> _Exercise input_:
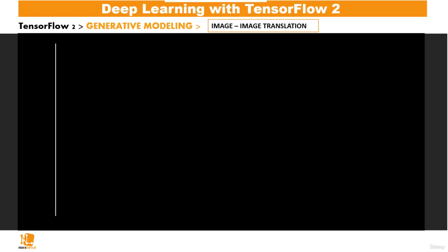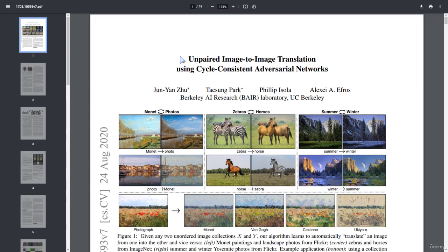The project I'll be implementing on generative modeling will be image-to-image translation, using the CycleGAN paper. This paper is entitled 'Unpaired Image-to-Image Translation Using Cycle Consistent Adversarial Networks' by Jun Yanzu, Tyson Park, Philippe Isola, and Alexi Efros of Berkeley AI Research.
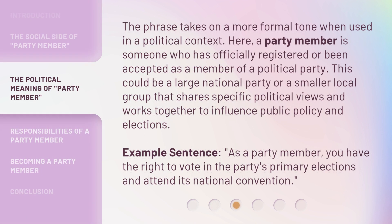The phrase takes on a more formal tone when used in a political context. Here, a party member is someone who has officially registered or been accepted as a member of a political party. This could be a large national party or a smaller local group that shares specific political views and works together to influence public policy and elections.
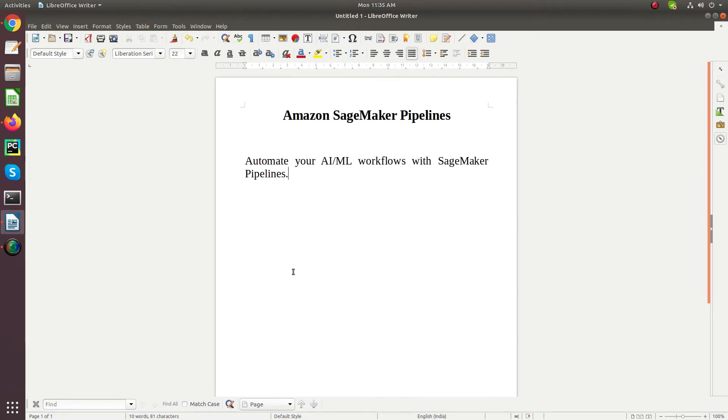Hello everyone, my name is Manjandar. Today we are going to learn about Amazon SageMaker Pipelines.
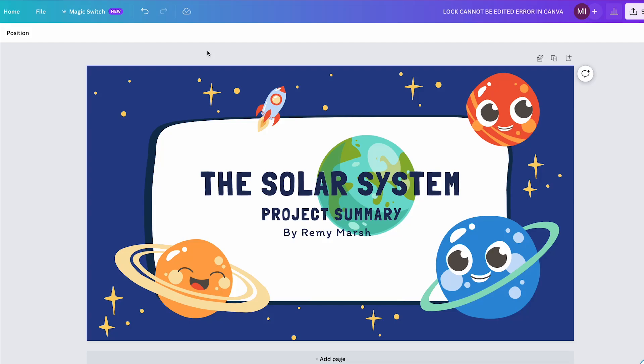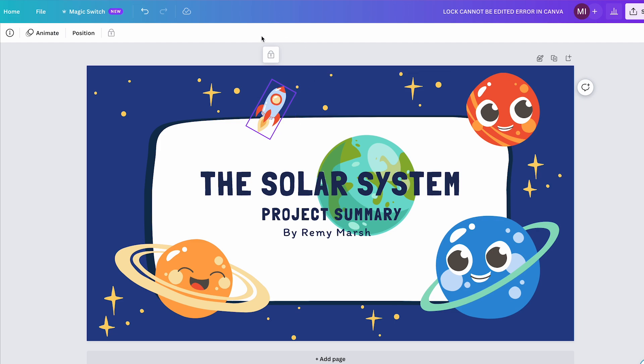Here's how to solve the lock cannot be edited error in Canva. As you can see on our design here, whatever element I'm clicking on, I actually get this grayed out lock, which is the lock cannot be edited issue.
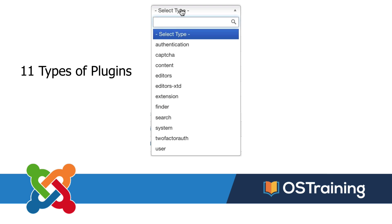There are 11 types of plugins that come with Joomla out-of-the-box: authentication, capture, content, editors, editor XTD, extension, finder, search, system, two-factor authentication, and user plugins. That sounds like a lot, and if you're new to Joomla that can get a little confusing.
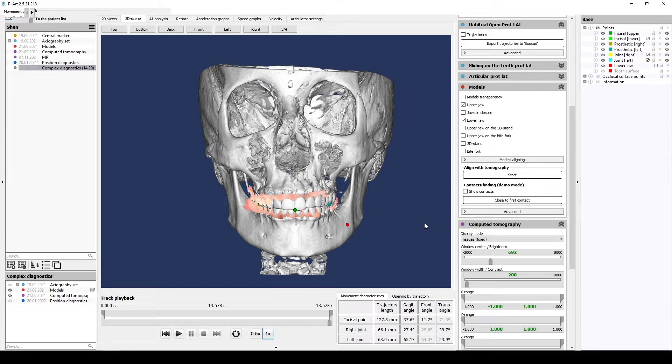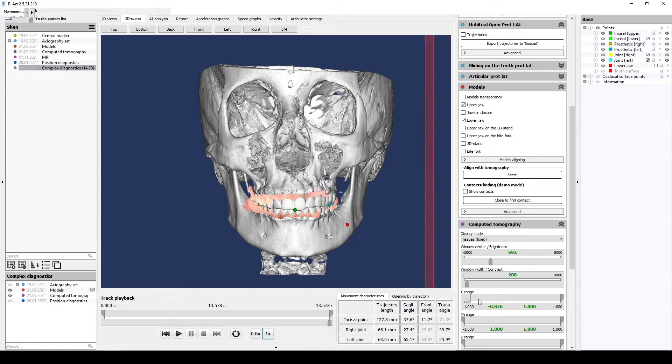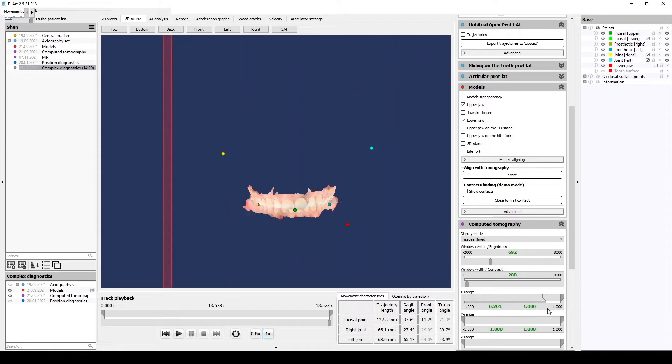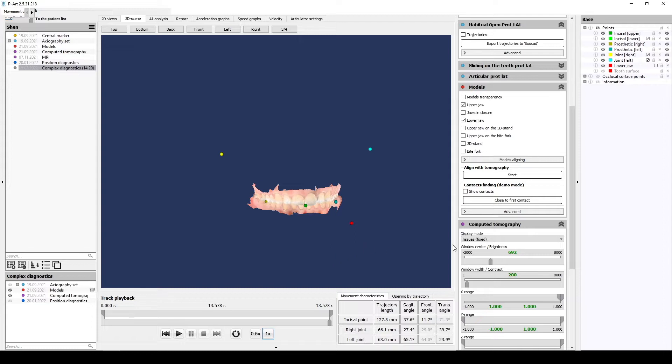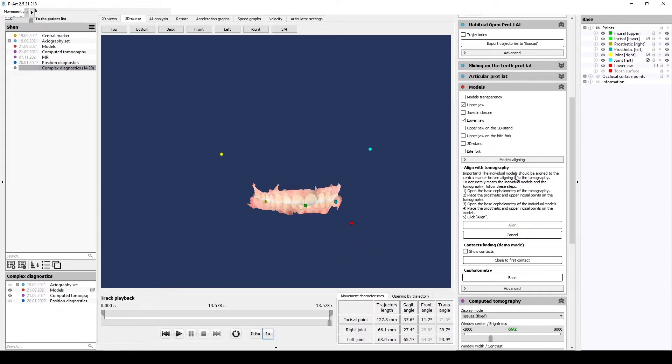We will need to place prosthetic points on the models. First, we hide CT according to HU range. In the individual models section on the right side of the menu, find align with tomography and start it. Now you have base cephalometry in the individual model section.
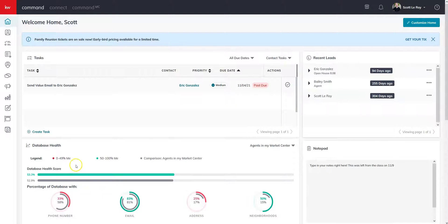Hi, this is Kylie with Scott Leroy Marketing. Today we're going to be going over how to create a listing landing page. It's actually pretty simple, so we'll just jump right into it.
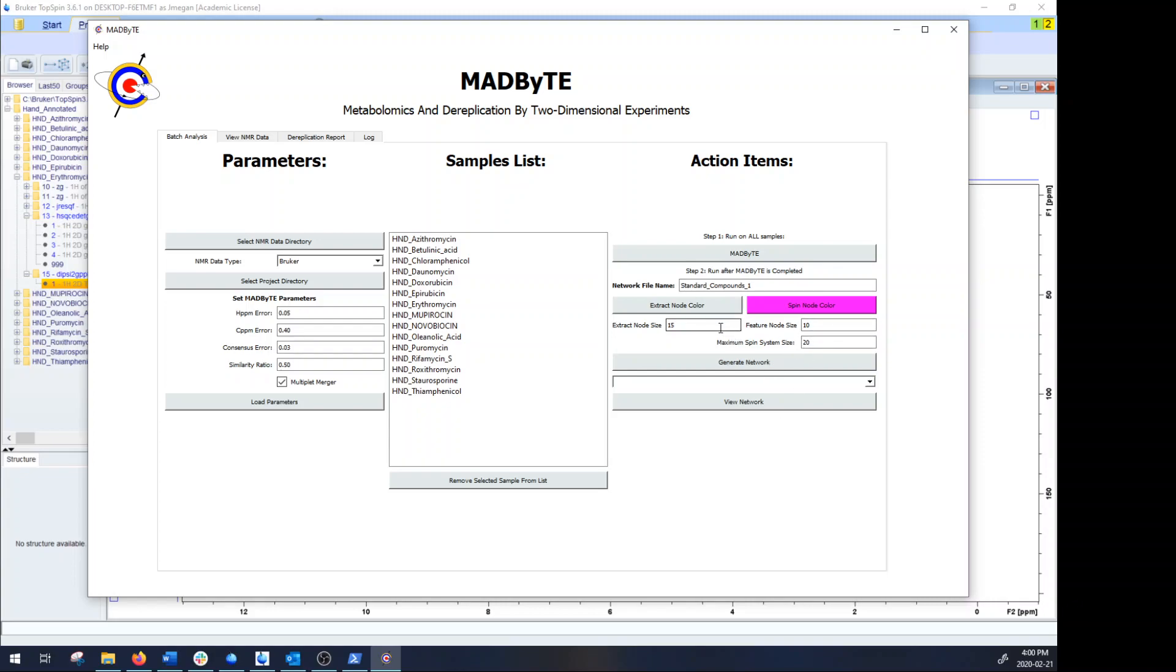And as well I can also adjust the extract node sizes and the feature node sizes, as well as the maximum number of spin system members that I would like to see. So what happens is sometimes in the metabolomics data you'll have a very congested part of your 2D NMR spectra which actually ends up generating this massive correlation network of 40 or 50 different members and that's not usable data. Now there may be a couple underlying spin systems that are of interest, but you're not going to actually use those for any meaningful purpose.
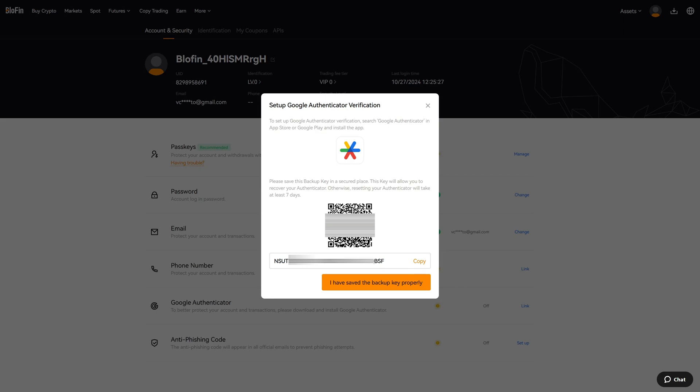After you have saved the backup key, you can now open the Google Authenticator app. Search for the plus icon and click on Scan the QR Code.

> _Task description_:
Beginning with the line that contains "And as well", output every line down to the last line of the entries above exactly as written, apart from the pictures.

> _Exercise answer_:
And as well I can also adjust the extract node sizes and the feature node sizes, as well as the maximum number of spin system members that I would like to see. So what happens is sometimes in the metabolomics data you'll have a very congested part of your 2D NMR spectra which actually ends up generating this massive correlation network of 40 or 50 different members and that's not usable data. Now there may be a couple underlying spin systems that are of interest, but you're not going to actually use those for any meaningful purpose.
After you have saved the backup key, you can now open the Google Authenticator app. Search for the plus icon and click on Scan the QR Code.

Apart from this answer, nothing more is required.